# Earthway 2600A-Plus Settings



## edixon88 (Jun 18, 2020)

Hi Everyone,

I'm just curious if anyone has seen a list anywhere on here or elsewhere that gives suggested settings for common products with this spreader. I know there is a chart in the manual with generic suggestions and I know the best way is to test and calibrate yourself, but I was wondering if anyone has seen anything that lists some common products and the settings used. This would be awesome to have as a starting point so I'm not attempting to calibrate myself and end up being way off.

Thanks!


----------



## Baretta (Apr 8, 2019)

You can't screw up if you start at a low setting. I just got my 2600 a few months ago. I've put down a few different products down already. Start with 1k, I do two passes. Note how much you used after the first pass and adjust if neccessary. It shouldn't take you very long to figure out the setting that works for you.


----------



## quadmasta (Apr 3, 2019)

The settings in the manual are pretty bang on if you do two passes.


----------



## edixon88 (Jun 18, 2020)

quadmasta said:


> The settings in the manual are pretty bang on if you do two passes.

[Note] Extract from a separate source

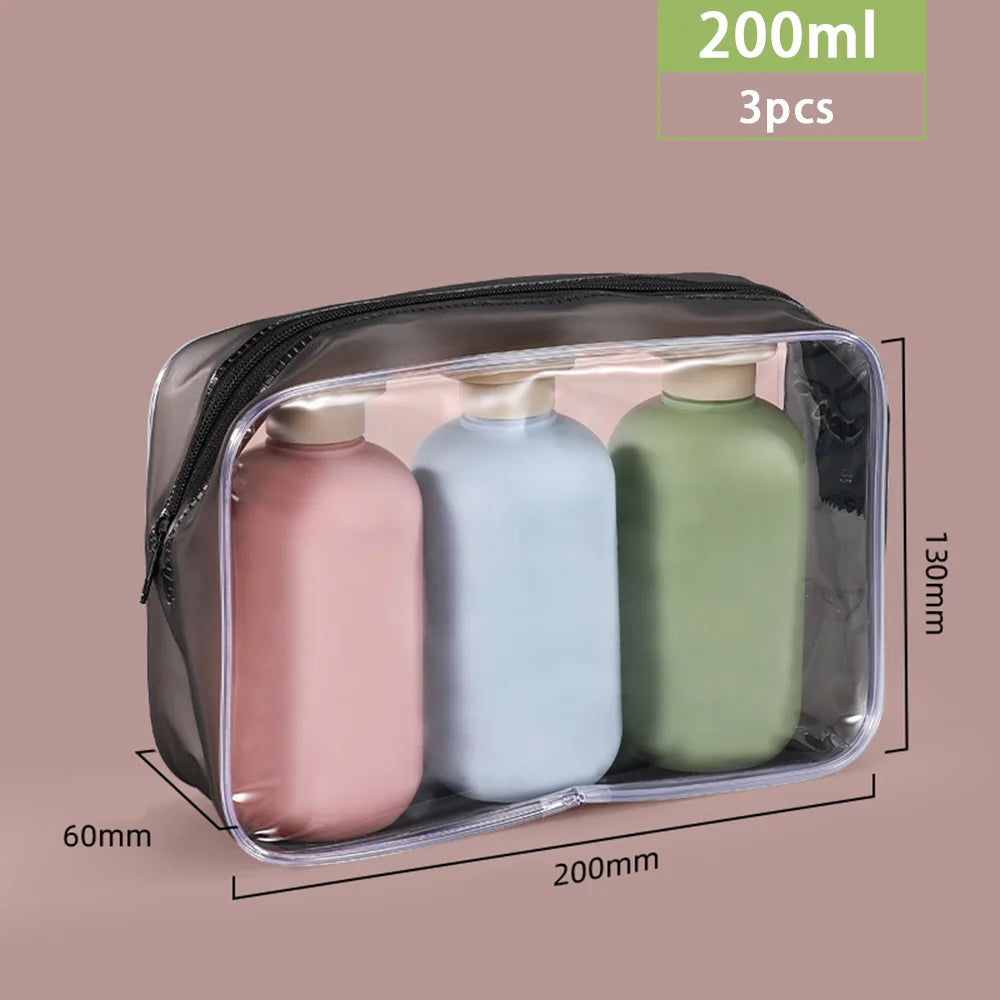 3pcs 100ml/200ml Plastic Travel Shampoo Bottles Clear Blue Shampoo Lotion Shower Gel Foam Pump Bottles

So are you saying to go with the suggested spreader setting but do two passes? Wouldn't that mean the settings are really only doing half rate?


----------



## Baretta (Apr 8, 2019)

quadmasta said:


> The settings in the manual are pretty bang on if you do two passes.


Agreed.


----------



## corneliani (Apr 2, 2019)

I wish I would've kept records in that journal that I bought, it would've helped right about now. But going from memory most of my applications seem to be at the 15-16 setting. That seems to give me 3-4#/1000 if using regular sized prills. I've applied CarbonX (1st gen) & 10-10-10 at those rates. I dropped it down 13 to apply the 8-1-8 @ 3#... and if I'm not mistaken that same setting gave me 2.5#/1000 of Scott's TurfBuilder. The milorgsnite setting I completely forgot though... I think I was close to 20 for the bag rate (10ish #/1000). 
As a reference here's a chart I came across that may help. If you notice the Lesco setting is approx The same as the EarthWay. Use it as a rough guide to get you where you need to be... and once you get there don't do what I do... write it down!


----------



## edixon88 (Jun 18, 2020)

corneliani said:


> I wish I would've kept records in that journal that I bought, it would've helped right about now. But going from memory most of my applications seem to be at the 15-16 setting. That seems to give me 3-4#/1000 if using regular sized prills. I've applied CarbonX (1st gen) & 10-10-10 at those rates. I dropped it down 13 to apply the 8-1-8 @ 3#... and if I'm not mistaken that same setting gave me 2.5#/1000 of Scott's TurfBuilder. The militia key setting I completely forgot though... I think I was close to 20 for the bag rate (10ish #/1000).
> As a reference here's a chart I came across that may help. If you notice the Lesco setting is approx The same as the EarthWay. Use it as a rough guide to get you where you need to be... and once you get there don't do what I do... write it down!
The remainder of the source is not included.